WORK ITEM:
Please output the following records exactly. Leave every image out.

SUPPLIED DATA:
'''

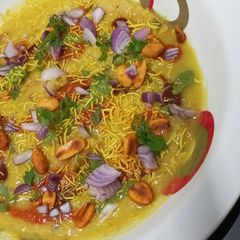 A picture of Sindhi dal pakwaan.
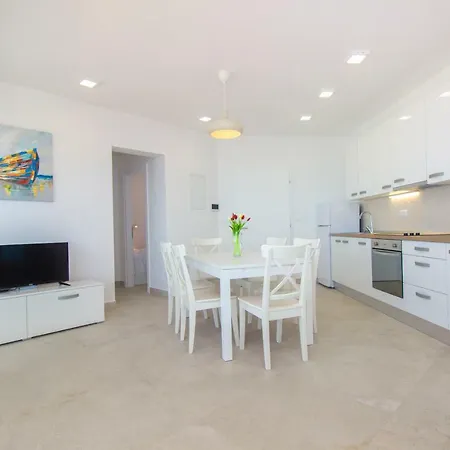 Ilenia Apartment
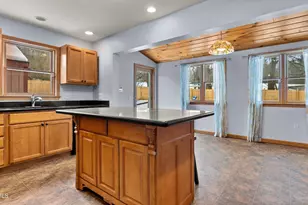 42 Bryant St, Pittsfield, MA 01201 - Photo 6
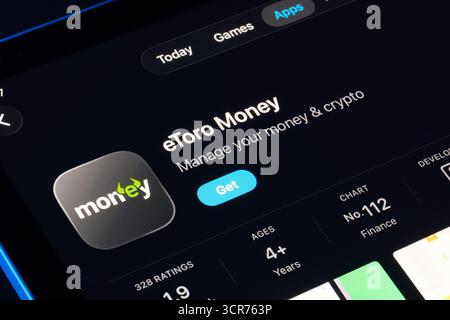 EToro Money listing capturé sur iPad, Apple Liquid Glass look dans iOS 26 met en évidence l'interface utilisateur et la typographie actualisées. Stafford, Royaume-Uni, septembre 29 Banque D'Images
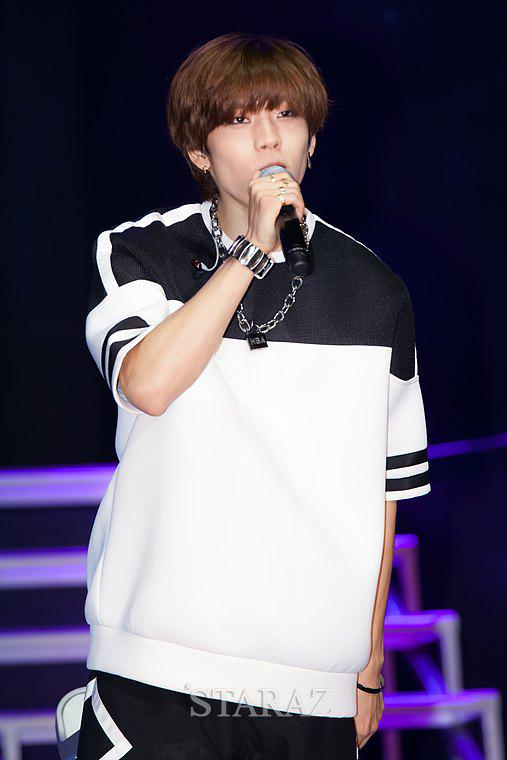 스타에이지(STARAZ) tweet media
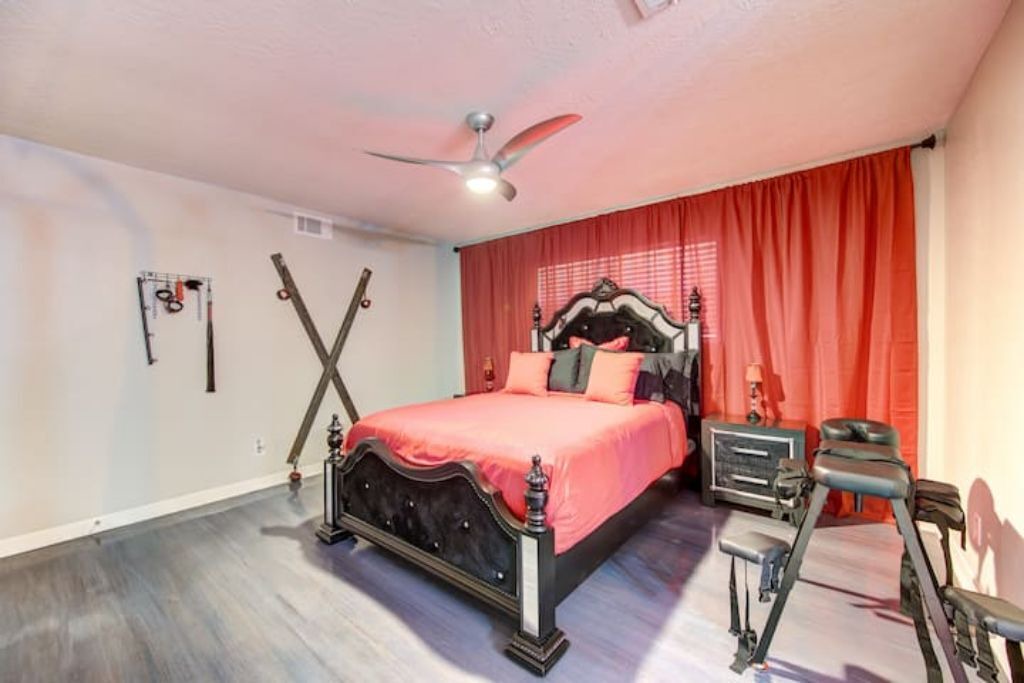 Photo of Bedroom in Pasadena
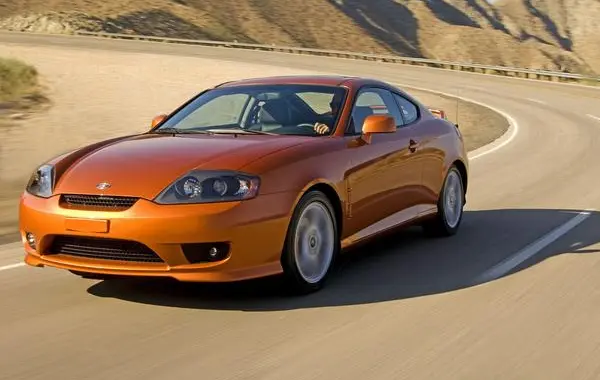 Hyundai Tiburon II (GK, facelift 2004)-1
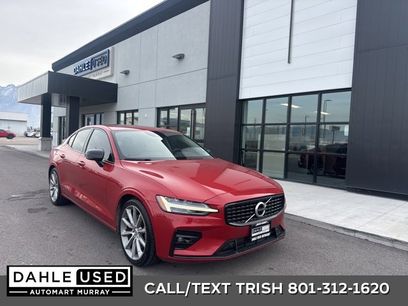 Used 2021 Volvo S60 T5 Momentum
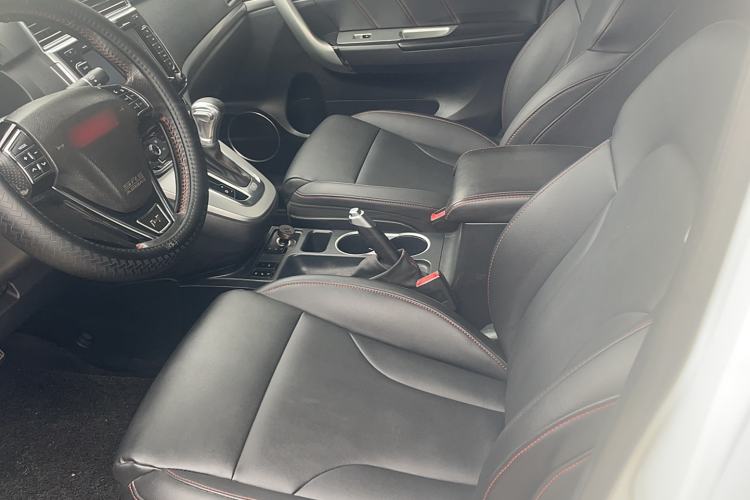 Used Haval H6 2015 Sport Edition 1.5T Automatic Two-Wheel Drive Luxury Model
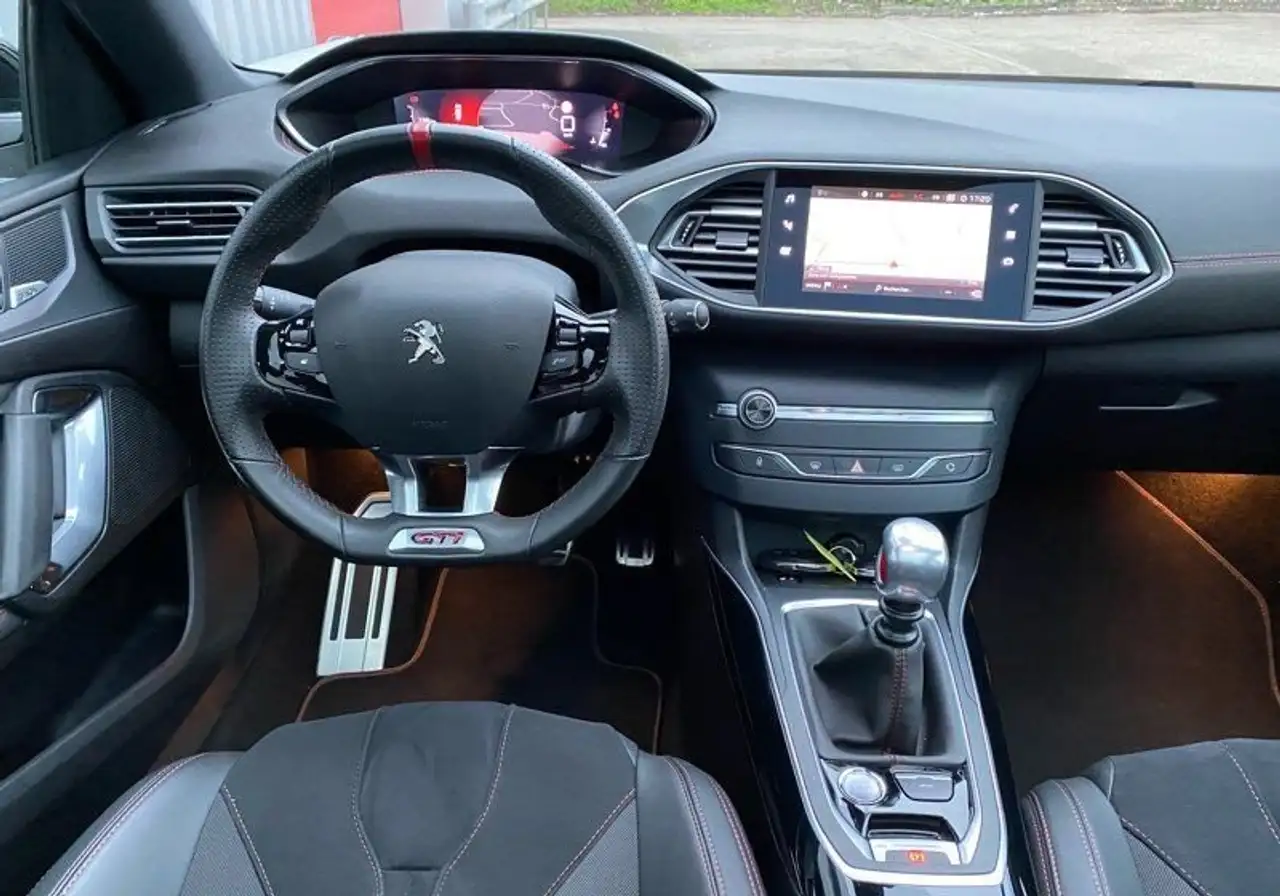 Peugeot 308 308 — photo 10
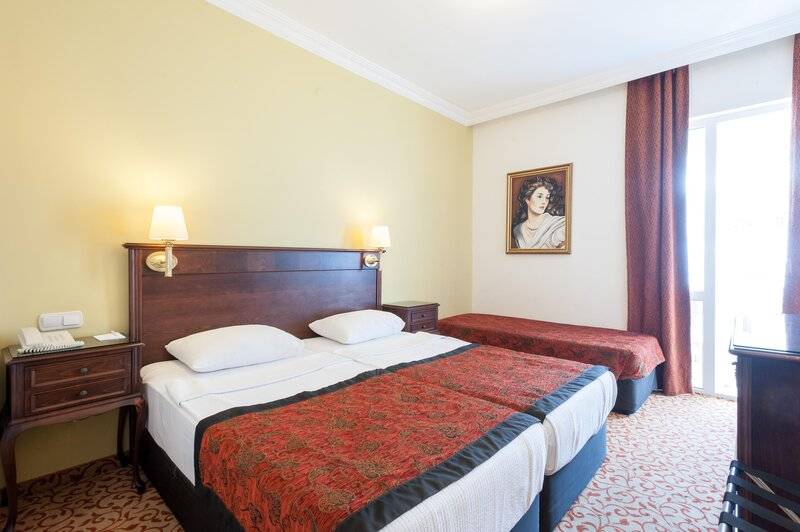 ANTIQUE ROMAN PALACE(ADULT ONLY+16)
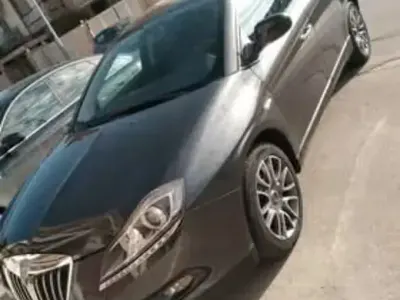 Usata Lancia Delta 120 CV (88 kW) 2010 Utilitaria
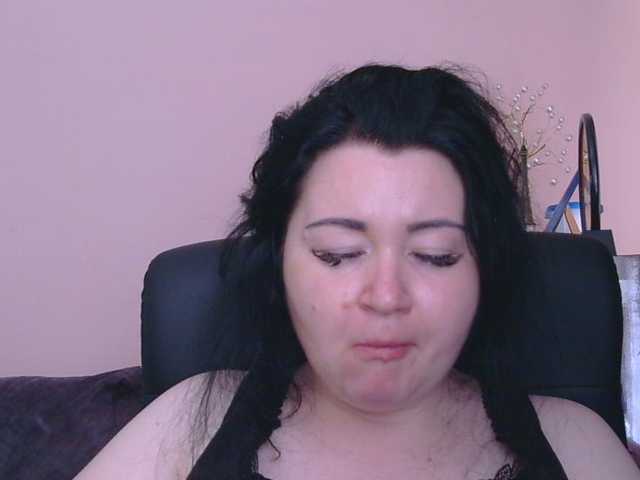 Medjik-lool live cam on BongaCams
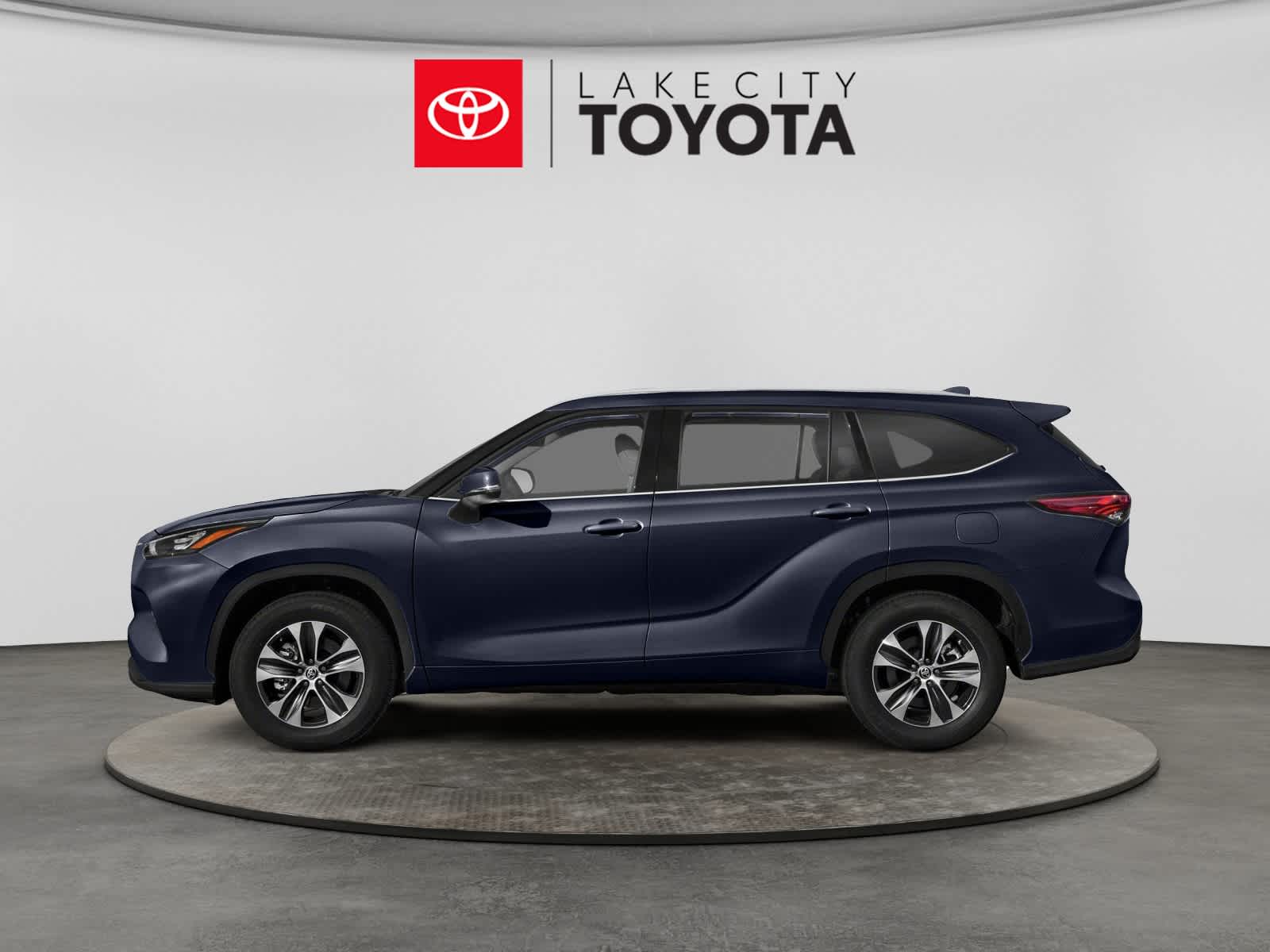 Used 2021 Toyota Highlander SUV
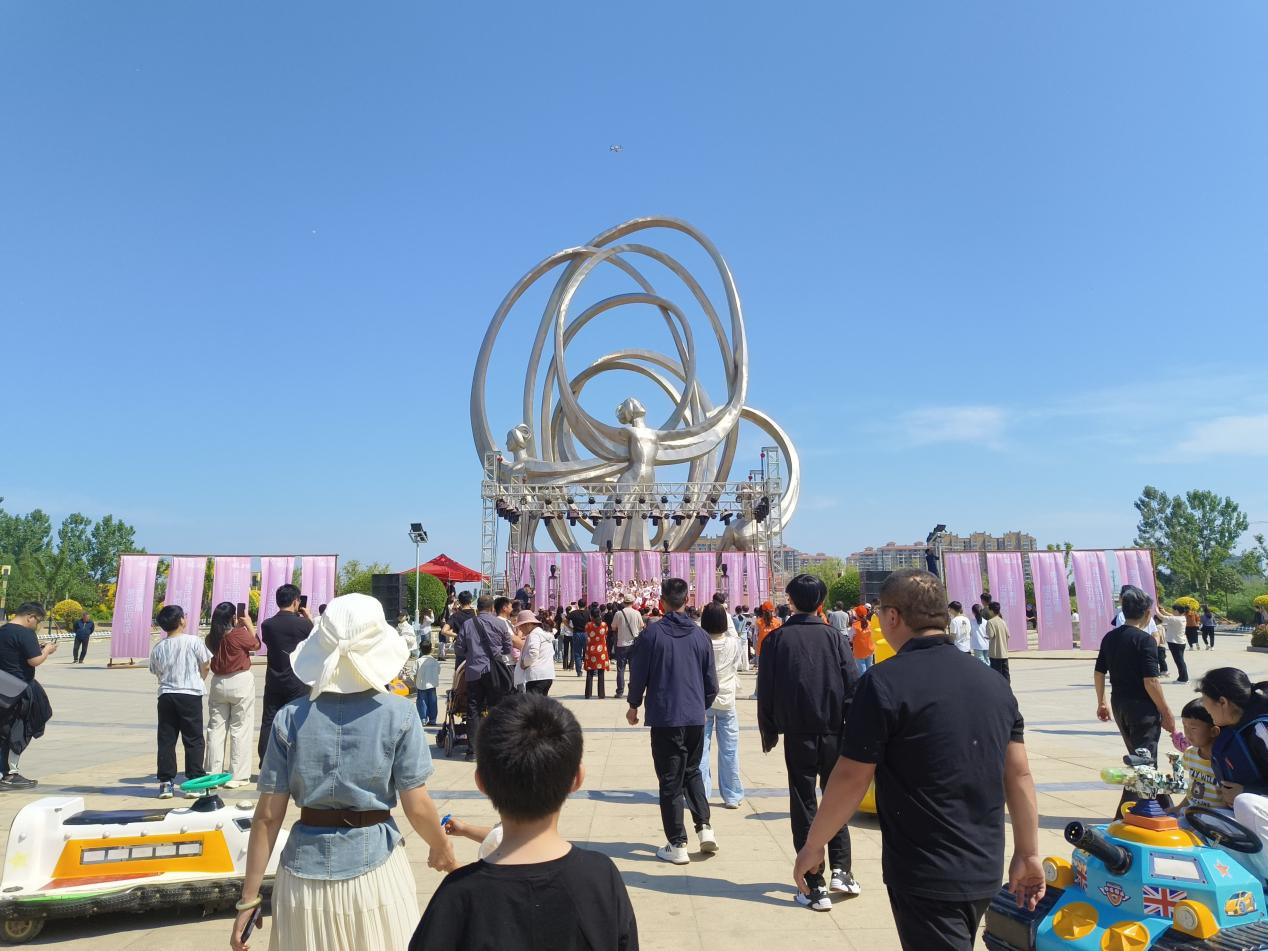 馆陶县公主湖湿地公园沉浸式演艺现场。郝立翠摄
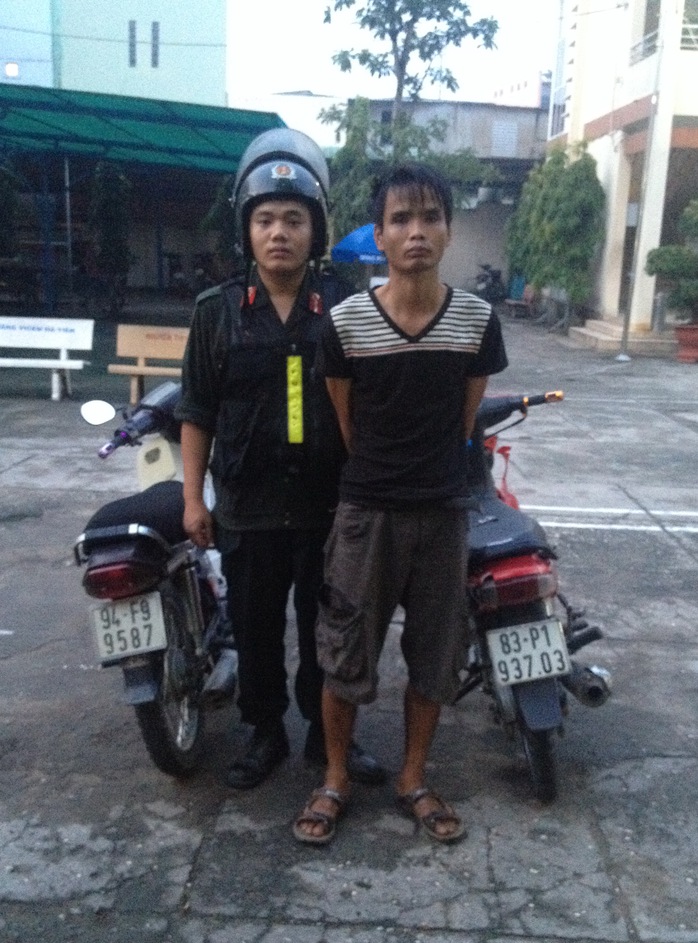 Bùi Quang Thái bị CSCĐ bắt giữ cùng 2 chiếc xe trộm vào sáng sớm 8-10.
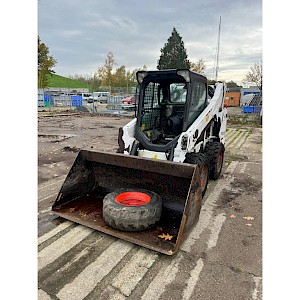 Bobcat S590 schranklader
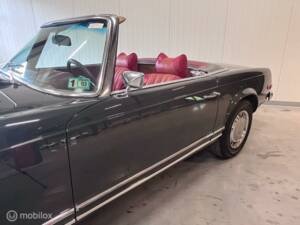 Image 3/40 of Mercedes-Benz 280 SL (1970)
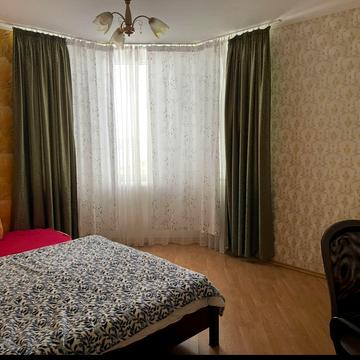 Осіння вул., 33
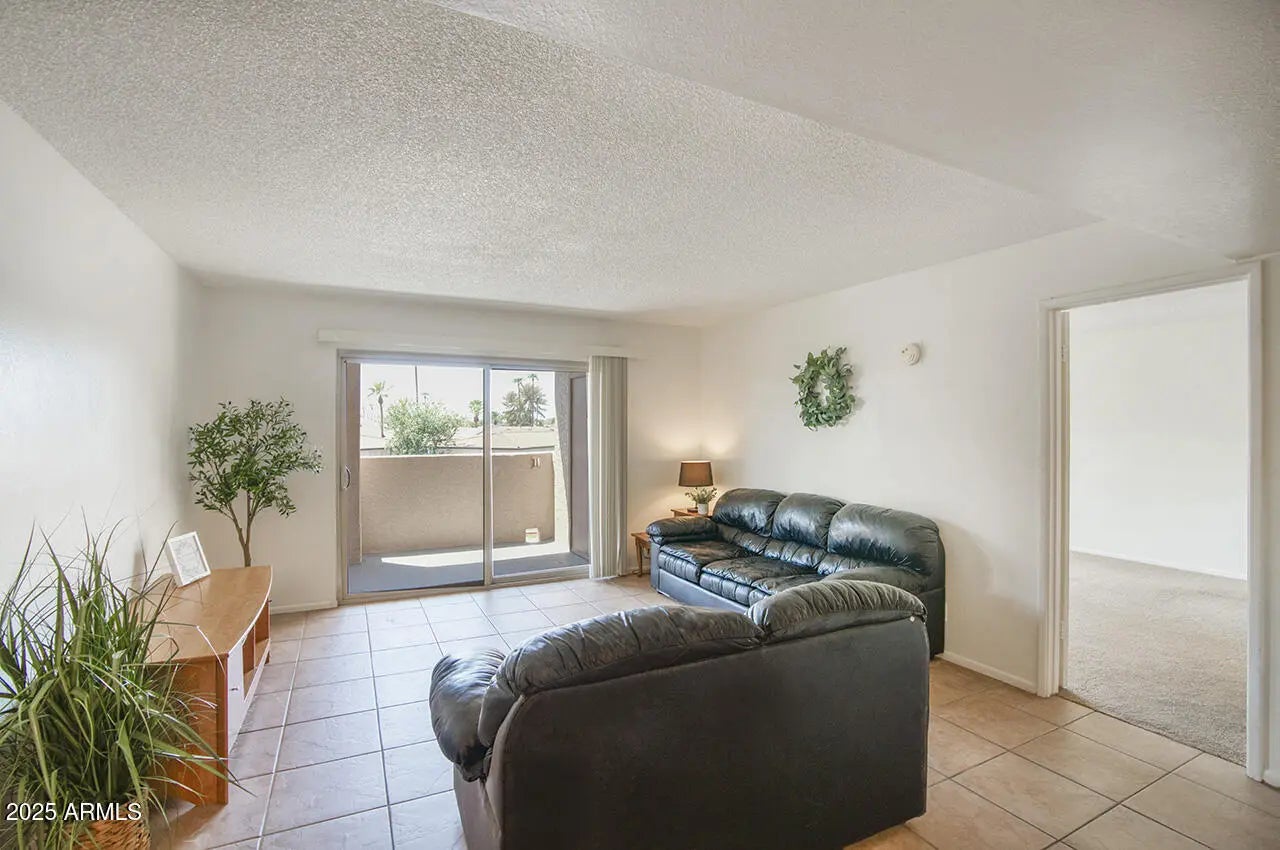 Photo of Listing #6905376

'''

ANSWER TO THIS PROBLEM:
 A picture of Sindhi dal pakwaan.
 Ilenia Apartment
 42 Bryant St, Pittsfield, MA 01201 - Photo 6
 EToro Money listing capturé sur iPad, Apple Liquid Glass look dans iOS 26 met en évidence l'interface utilisateur et la typographie actualisées. Stafford, Royaume-Uni, septembre 29 Banque D'Images
 스타에이지(STARAZ) tweet media
 Photo of Bedroom in Pasadena
 Hyundai Tiburon II (GK, facelift 2004)-1
 Used 2021 Volvo S60 T5 Momentum
 Used Haval H6 2015 Sport Edition 1.5T Automatic Two-Wheel Drive Luxury Model
 Peugeot 308 308 — photo 10
 ANTIQUE ROMAN PALACE(ADULT ONLY+16)
 Usata Lancia Delta 120 CV (88 kW) 2010 Utilitaria
 Medjik-lool live cam on BongaCams
 Used 2021 Toyota Highlander SUV
 馆陶县公主湖湿地公园沉浸式演艺现场。郝立翠摄
 Bùi Quang Thái bị CSCĐ bắt giữ cùng 2 chiếc xe trộm vào sáng sớm 8-10.
 Bobcat S590 schranklader
 Image 3/40 of Mercedes-Benz 280 SL (1970)
 Осіння вул., 33
 Photo of Listing #6905376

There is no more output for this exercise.